§ **Records for the exercise**:
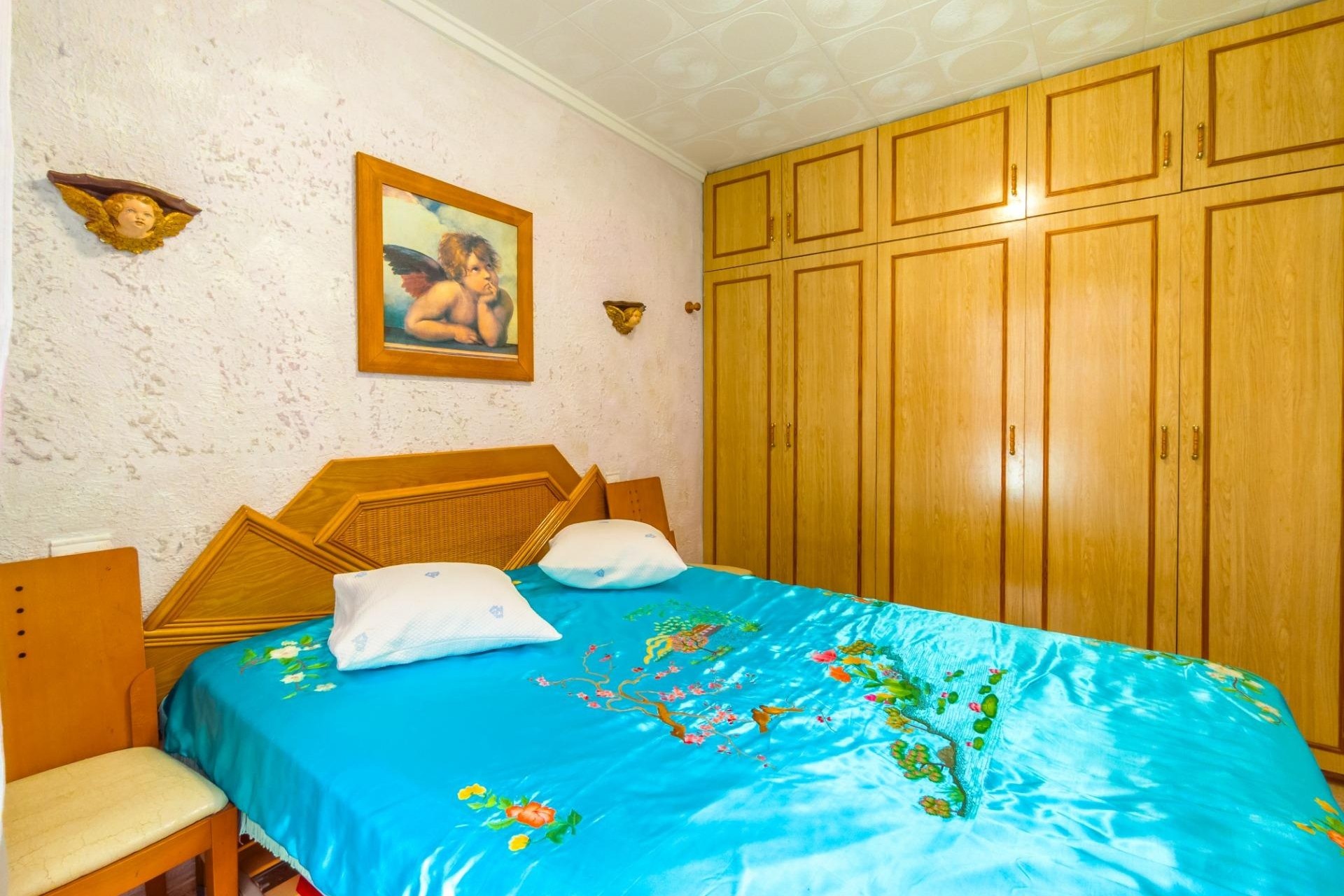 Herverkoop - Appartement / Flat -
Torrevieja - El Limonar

...

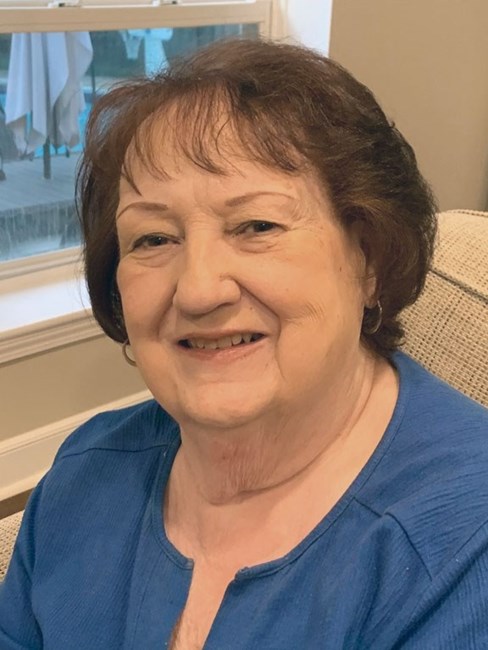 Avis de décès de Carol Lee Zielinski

§ **Exercise objective**: Look through the material above. Transcribe exactly the lines between the ones with "Herverkoop - Appartement" and "Torrevieja - El Limonar", inclusive, and keep pictures out.

§ **Expected answer**:
 Herverkoop - Appartement / Flat -
Torrevieja - El Limonar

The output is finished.